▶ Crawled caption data

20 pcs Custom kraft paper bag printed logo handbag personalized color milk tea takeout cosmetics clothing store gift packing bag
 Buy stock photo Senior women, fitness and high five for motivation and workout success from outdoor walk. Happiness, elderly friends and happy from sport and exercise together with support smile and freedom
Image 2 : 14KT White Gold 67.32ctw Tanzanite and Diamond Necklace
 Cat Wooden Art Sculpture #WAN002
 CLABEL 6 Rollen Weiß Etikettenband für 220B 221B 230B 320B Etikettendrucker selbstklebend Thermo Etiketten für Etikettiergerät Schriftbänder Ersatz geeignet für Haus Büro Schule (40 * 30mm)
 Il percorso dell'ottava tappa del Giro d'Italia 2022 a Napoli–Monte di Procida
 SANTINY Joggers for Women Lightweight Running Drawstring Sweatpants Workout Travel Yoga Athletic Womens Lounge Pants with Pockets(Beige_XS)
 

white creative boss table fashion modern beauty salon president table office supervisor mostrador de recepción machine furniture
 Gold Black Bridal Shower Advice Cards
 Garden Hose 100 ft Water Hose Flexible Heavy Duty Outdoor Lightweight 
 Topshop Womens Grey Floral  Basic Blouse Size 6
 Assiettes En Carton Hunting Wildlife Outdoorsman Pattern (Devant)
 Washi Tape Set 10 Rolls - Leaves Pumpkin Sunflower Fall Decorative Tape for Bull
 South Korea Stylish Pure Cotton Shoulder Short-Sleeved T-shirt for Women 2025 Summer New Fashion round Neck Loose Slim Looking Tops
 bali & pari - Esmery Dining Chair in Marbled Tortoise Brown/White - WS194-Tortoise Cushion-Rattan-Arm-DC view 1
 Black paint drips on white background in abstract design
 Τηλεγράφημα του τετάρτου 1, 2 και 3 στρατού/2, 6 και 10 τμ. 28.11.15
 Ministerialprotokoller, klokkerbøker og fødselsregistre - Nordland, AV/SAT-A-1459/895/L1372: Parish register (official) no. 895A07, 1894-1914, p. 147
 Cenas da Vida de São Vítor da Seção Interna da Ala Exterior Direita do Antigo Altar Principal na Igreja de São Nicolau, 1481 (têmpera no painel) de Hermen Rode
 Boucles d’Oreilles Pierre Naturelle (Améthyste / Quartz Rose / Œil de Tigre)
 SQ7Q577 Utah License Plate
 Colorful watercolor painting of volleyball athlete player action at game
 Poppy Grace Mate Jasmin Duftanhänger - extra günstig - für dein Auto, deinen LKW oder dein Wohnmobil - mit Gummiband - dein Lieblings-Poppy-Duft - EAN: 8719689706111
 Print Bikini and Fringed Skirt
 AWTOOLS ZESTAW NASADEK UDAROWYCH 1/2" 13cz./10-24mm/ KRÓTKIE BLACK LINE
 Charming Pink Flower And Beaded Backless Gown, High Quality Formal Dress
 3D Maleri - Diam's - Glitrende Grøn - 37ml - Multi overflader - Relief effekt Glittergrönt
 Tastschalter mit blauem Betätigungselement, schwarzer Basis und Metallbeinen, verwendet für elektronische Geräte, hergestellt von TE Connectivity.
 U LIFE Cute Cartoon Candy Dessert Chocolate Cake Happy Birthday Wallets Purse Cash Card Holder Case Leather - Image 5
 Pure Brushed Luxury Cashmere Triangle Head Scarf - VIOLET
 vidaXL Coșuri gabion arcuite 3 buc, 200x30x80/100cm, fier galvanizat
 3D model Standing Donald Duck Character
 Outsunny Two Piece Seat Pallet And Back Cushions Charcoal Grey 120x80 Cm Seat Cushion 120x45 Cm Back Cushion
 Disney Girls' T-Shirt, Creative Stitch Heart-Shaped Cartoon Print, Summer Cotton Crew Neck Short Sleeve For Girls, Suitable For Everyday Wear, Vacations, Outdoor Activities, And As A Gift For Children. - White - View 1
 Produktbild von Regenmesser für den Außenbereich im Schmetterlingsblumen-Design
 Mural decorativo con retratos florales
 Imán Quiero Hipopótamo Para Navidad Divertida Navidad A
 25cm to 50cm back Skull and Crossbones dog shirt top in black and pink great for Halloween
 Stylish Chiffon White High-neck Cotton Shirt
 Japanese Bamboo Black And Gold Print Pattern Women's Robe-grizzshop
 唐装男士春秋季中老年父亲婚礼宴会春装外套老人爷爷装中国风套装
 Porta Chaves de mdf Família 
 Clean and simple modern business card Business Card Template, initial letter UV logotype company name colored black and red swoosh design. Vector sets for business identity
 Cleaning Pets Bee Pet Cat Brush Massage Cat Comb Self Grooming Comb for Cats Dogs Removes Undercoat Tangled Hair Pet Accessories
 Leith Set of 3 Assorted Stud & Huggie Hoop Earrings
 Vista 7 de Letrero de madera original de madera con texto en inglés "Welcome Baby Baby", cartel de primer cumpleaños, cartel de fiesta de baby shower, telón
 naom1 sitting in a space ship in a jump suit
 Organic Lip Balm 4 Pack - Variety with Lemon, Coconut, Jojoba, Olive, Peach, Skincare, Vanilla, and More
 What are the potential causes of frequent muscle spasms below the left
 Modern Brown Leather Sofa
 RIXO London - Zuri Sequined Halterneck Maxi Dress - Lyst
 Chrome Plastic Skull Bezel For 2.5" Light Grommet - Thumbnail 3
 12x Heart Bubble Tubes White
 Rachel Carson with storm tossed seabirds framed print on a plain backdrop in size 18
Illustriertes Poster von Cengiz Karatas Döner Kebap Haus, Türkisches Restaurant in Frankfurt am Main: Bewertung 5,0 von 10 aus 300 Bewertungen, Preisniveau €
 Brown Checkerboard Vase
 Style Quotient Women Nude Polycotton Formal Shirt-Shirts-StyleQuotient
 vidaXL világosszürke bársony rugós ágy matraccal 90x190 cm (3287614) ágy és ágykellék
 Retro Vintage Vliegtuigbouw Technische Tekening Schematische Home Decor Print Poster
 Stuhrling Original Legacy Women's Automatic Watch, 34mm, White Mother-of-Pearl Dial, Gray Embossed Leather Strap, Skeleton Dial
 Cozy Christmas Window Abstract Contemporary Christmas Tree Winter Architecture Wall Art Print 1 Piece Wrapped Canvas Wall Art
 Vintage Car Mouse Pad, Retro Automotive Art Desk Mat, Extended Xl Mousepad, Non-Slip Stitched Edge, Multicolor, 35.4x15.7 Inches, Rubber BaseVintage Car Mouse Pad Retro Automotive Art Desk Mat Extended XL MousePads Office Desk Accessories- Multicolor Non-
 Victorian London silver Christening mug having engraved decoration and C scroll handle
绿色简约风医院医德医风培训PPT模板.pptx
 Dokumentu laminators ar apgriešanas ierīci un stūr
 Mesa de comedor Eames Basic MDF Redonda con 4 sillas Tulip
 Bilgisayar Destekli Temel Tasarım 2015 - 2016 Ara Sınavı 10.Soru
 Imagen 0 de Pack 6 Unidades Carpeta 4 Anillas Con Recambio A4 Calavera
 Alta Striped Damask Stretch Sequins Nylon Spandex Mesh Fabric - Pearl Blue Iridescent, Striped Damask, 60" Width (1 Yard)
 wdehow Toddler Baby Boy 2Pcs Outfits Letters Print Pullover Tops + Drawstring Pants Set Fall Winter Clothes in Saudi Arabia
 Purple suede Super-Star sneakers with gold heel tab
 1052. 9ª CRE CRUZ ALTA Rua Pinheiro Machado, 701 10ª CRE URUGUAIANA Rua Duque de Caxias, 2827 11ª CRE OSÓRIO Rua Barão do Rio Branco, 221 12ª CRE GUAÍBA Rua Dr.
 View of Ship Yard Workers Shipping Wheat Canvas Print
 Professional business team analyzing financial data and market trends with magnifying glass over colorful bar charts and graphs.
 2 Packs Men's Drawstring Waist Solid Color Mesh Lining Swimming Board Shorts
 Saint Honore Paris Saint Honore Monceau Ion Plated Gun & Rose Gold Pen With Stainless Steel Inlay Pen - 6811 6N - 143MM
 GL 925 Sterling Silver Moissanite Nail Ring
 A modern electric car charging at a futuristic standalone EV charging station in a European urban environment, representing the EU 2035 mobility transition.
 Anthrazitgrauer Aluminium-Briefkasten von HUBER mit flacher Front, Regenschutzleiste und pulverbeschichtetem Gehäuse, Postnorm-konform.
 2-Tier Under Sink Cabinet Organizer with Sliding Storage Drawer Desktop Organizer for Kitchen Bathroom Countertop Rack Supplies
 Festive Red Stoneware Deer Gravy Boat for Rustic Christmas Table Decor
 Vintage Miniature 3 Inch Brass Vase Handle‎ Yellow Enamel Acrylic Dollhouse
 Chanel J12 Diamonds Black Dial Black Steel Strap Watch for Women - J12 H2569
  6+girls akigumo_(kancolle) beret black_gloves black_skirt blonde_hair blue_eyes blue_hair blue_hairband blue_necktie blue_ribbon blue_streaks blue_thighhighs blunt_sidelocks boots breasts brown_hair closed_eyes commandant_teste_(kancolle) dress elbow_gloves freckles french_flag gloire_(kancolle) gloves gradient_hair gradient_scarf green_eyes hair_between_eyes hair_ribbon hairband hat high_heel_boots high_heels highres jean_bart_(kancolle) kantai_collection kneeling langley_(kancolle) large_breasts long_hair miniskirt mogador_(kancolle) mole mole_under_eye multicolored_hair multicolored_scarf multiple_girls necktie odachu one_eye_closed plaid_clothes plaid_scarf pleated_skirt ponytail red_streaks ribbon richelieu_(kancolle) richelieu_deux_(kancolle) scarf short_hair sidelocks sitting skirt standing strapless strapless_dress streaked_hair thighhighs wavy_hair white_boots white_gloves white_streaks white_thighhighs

▶ Task to carry out
The range runs from the line above containing "Vintage Car Mouse Pad, Retro" to the line containing "2 Packs Men's", inclusive. Restate those lines word for word and no others.

▶ Completed exercise
 Vintage Car Mouse Pad, Retro Automotive Art Desk Mat, Extended Xl Mousepad, Non-Slip Stitched Edge, Multicolor, 35.4x15.7 Inches, Rubber BaseVintage Car Mouse Pad Retro Automotive Art Desk Mat Extended XL MousePads Office Desk Accessories- Multicolor Non-
 Victorian London silver Christening mug having engraved decoration and C scroll handle
绿色简约风医院医德医风培训PPT模板.pptx
 Dokumentu laminators ar apgriešanas ierīci un stūr
 Mesa de comedor Eames Basic MDF Redonda con 4 sillas Tulip
 Bilgisayar Destekli Temel Tasarım 2015 - 2016 Ara Sınavı 10.Soru
 Imagen 0 de Pack 6 Unidades Carpeta 4 Anillas Con Recambio A4 Calavera
 Alta Striped Damask Stretch Sequins Nylon Spandex Mesh Fabric - Pearl Blue Iridescent, Striped Damask, 60" Width (1 Yard)
 wdehow Toddler Baby Boy 2Pcs Outfits Letters Print Pullover Tops + Drawstring Pants Set Fall Winter Clothes in Saudi Arabia
 Purple suede Super-Star sneakers with gold heel tab
 1052. 9ª CRE CRUZ ALTA Rua Pinheiro Machado, 701 10ª CRE URUGUAIANA Rua Duque de Caxias, 2827 11ª CRE OSÓRIO Rua Barão do Rio Branco, 221 12ª CRE GUAÍBA Rua Dr.
 View of Ship Yard Workers Shipping Wheat Canvas Print
 Professional business team analyzing financial data and market trends with magnifying glass over colorful bar charts and graphs.
 2 Packs Men's Drawstring Waist Solid Color Mesh Lining Swimming Board Shorts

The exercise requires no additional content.